▶ [Exercise prompt]
This exercise calls for an exact copy of the listing, with no pictures kept.

▶ [Stored data]
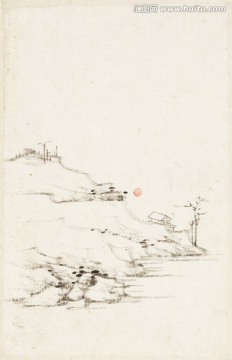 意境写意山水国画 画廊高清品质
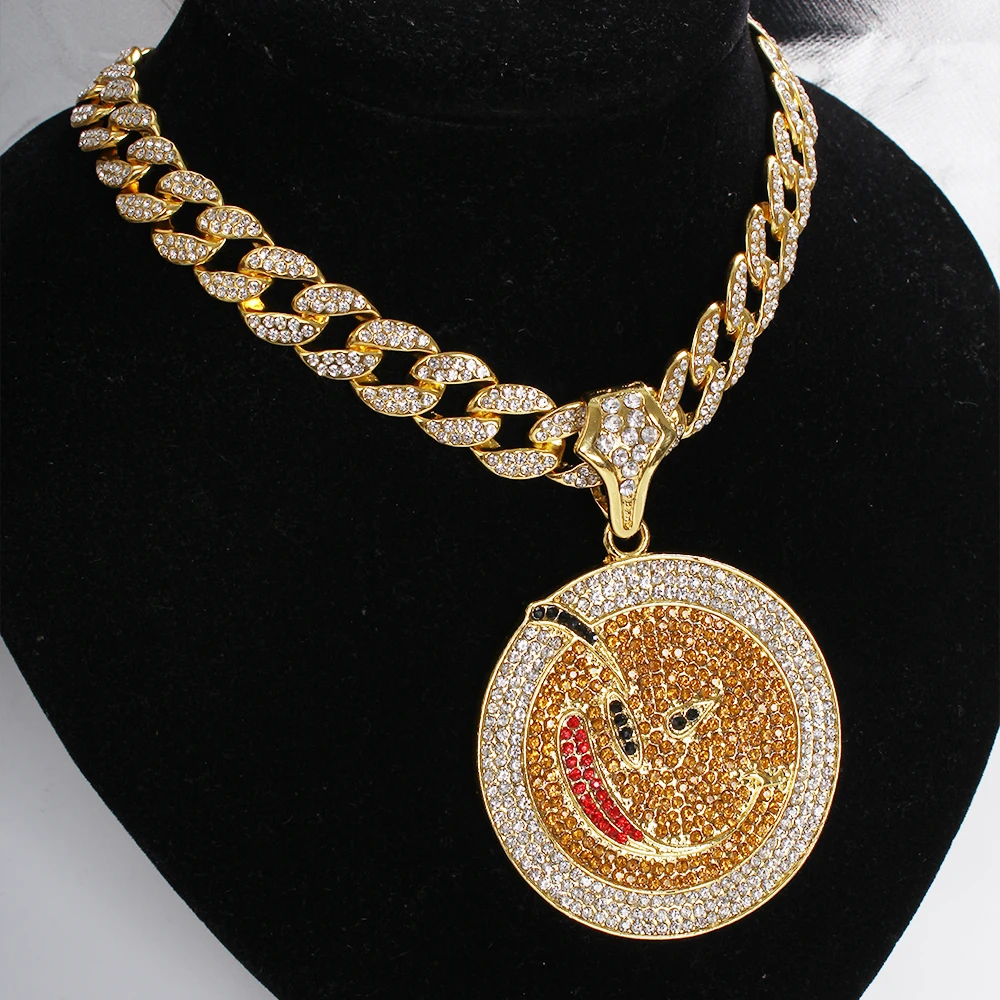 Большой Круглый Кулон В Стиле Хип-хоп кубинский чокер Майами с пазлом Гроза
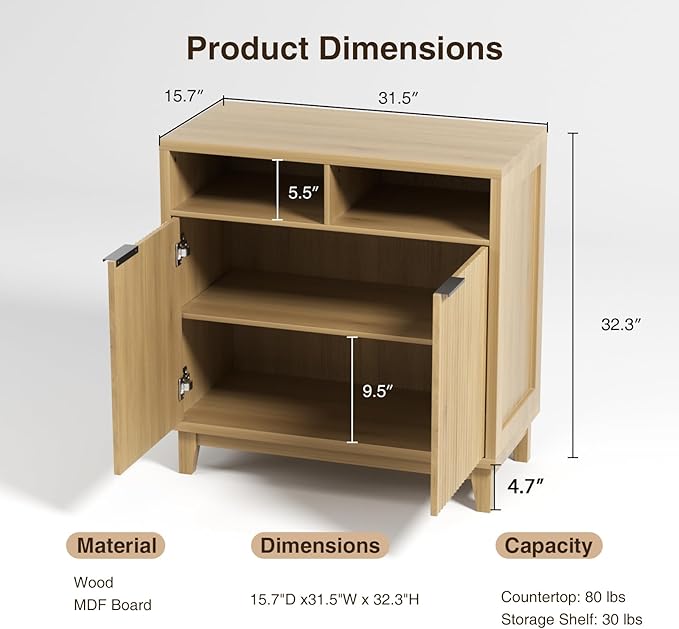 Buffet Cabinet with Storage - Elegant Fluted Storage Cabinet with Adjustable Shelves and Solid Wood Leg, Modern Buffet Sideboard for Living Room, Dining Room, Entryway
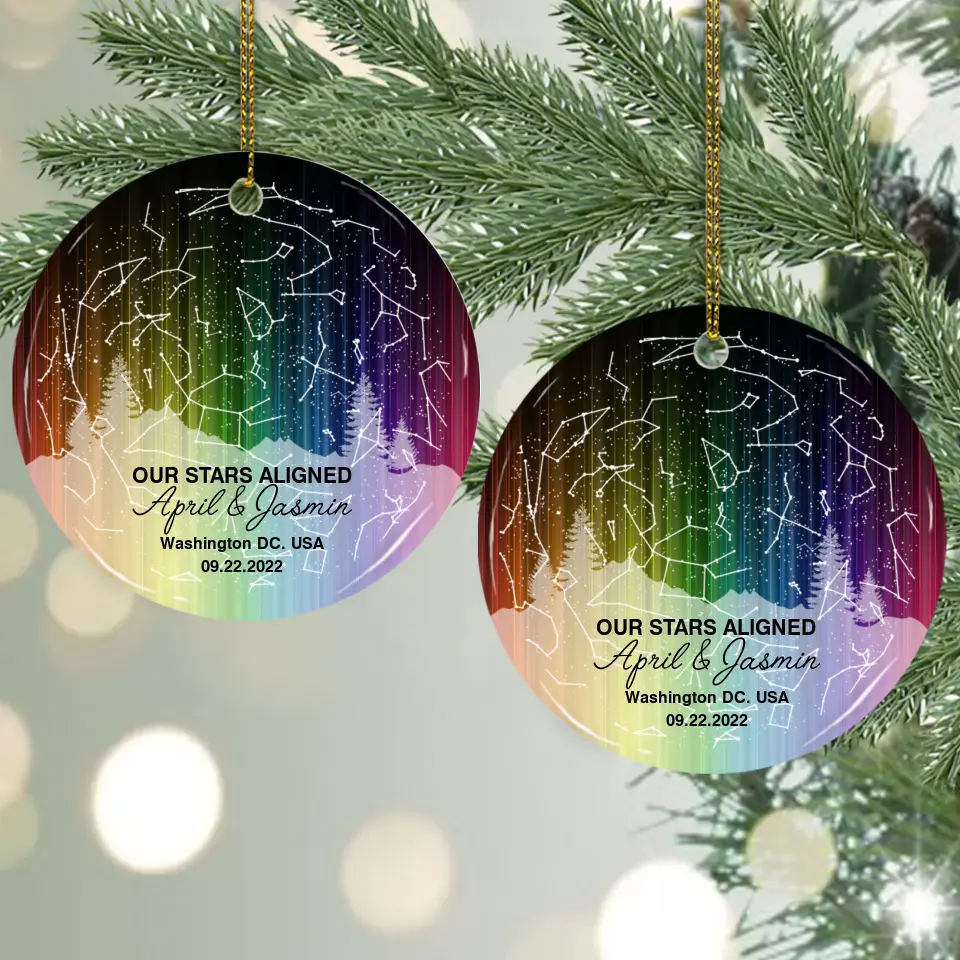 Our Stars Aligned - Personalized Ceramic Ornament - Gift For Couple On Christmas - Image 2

▶ [Answer box]
 意境写意山水国画 画廊高清品质
 Большой Круглый Кулон В Стиле Хип-хоп кубинский чокер Майами с пазлом Гроза
 Buffet Cabinet with Storage - Elegant Fluted Storage Cabinet with Adjustable Shelves and Solid Wood Leg, Modern Buffet Sideboard for Living Room, Dining Room, Entryway
 Our Stars Aligned - Personalized Ceramic Ornament - Gift For Couple On Christmas - Image 2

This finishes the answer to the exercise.